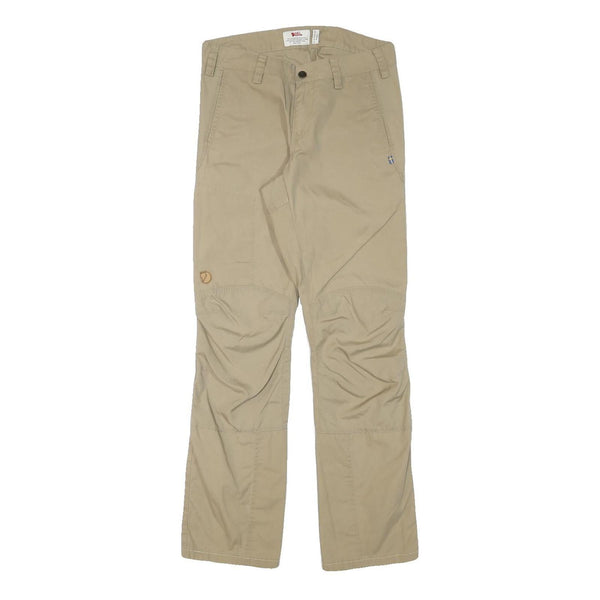 FJALLRAVEN Mens Cotton Blend Beige Regular Straight Trousers W29 L31 Outdoor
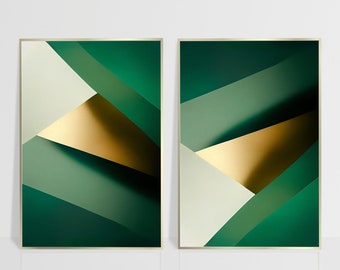 May include: Two abstract art prints with geometric shapes in shades of green and gold. The prints are framed in a thin gold frame.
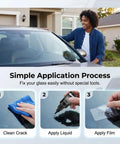 Steps to use 2026 Upgrade Windshield Crack Repair Kit for Chips and Cracks, Clear Auto Glass Repair Fluid That Penetrates Deep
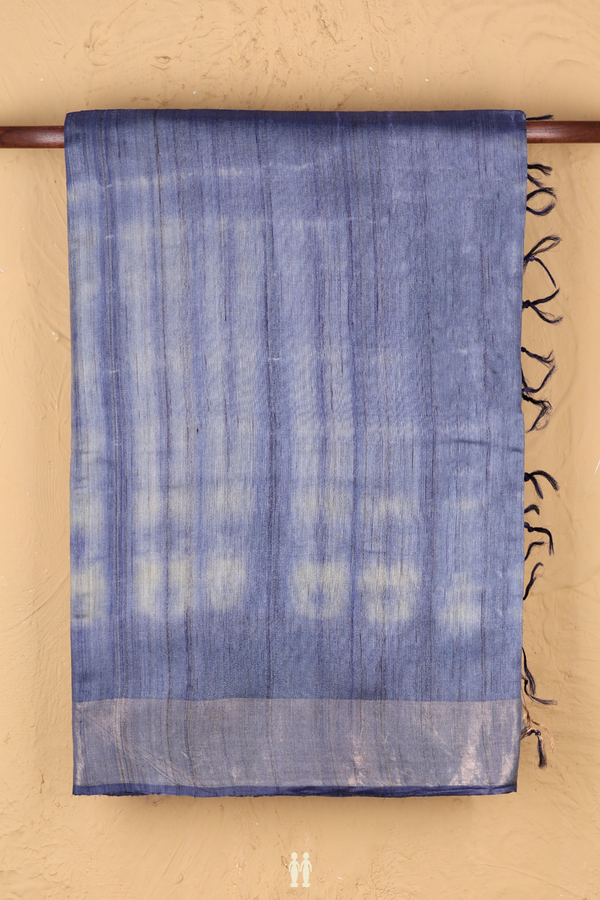 Tussar Silk Saree In Blue With Allover Design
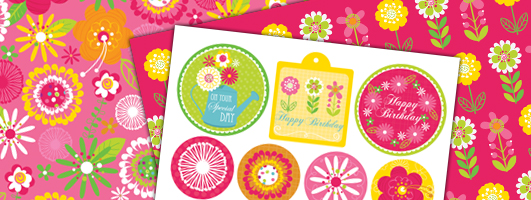 Floral Summer Tags & Free Papers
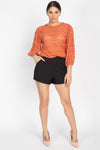 Black Back Zip-up Mini Shorts
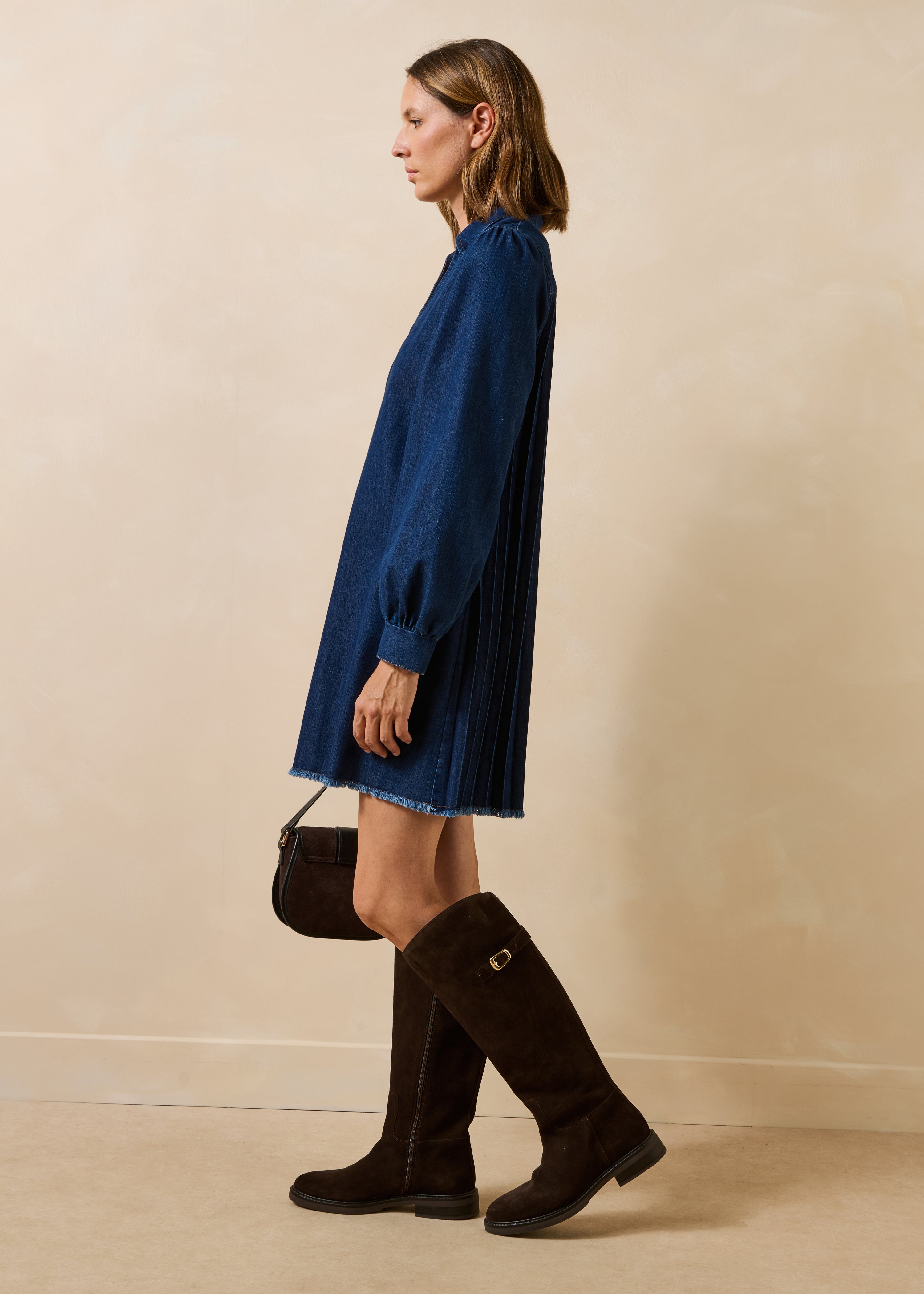 la-f-e-marabout-e-grida-jeans-kleid-blau-kurz-baumwolle image 2
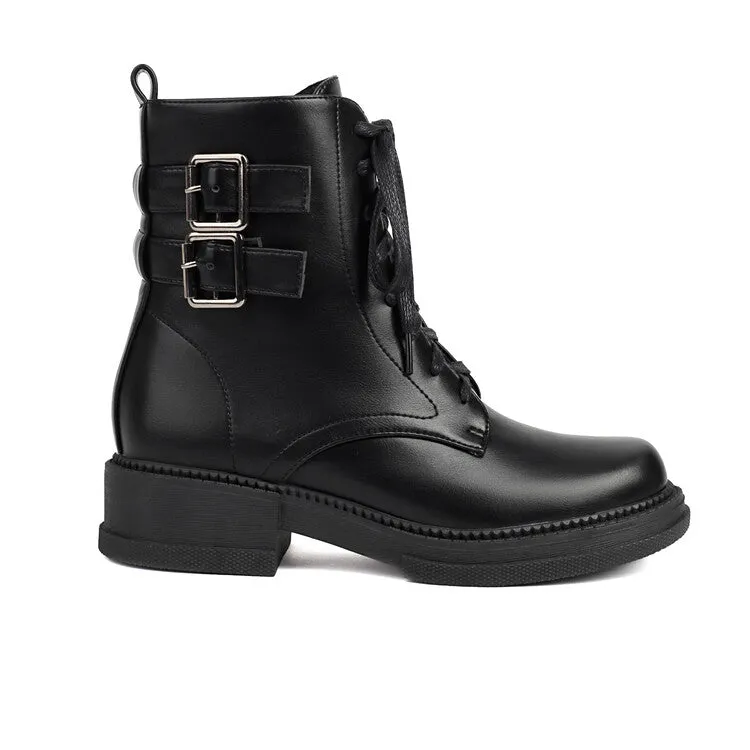 Women's Buckle Strap Round Toe Platform Ankle Boots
§
Exercise prompt: Transcribe all of the material exactly, leaving out whatever pictures it contains.

Solution to this task:
 FJALLRAVEN Mens Cotton Blend Beige Regular Straight Trousers W29 L31 Outdoor
 May include: Two abstract art prints with geometric shapes in shades of green and gold. The prints are framed in a thin gold frame.
 Steps to use 2026 Upgrade Windshield Crack Repair Kit for Chips and Cracks, Clear Auto Glass Repair Fluid That Penetrates Deep
 Tussar Silk Saree In Blue With Allover Design
 Floral Summer Tags & Free Papers
 Black Back Zip-up Mini Shorts
 la-f-e-marabout-e-grida-jeans-kleid-blau-kurz-baumwolle image 2
 Women's Buckle Strap Round Toe Platform Ankle Boots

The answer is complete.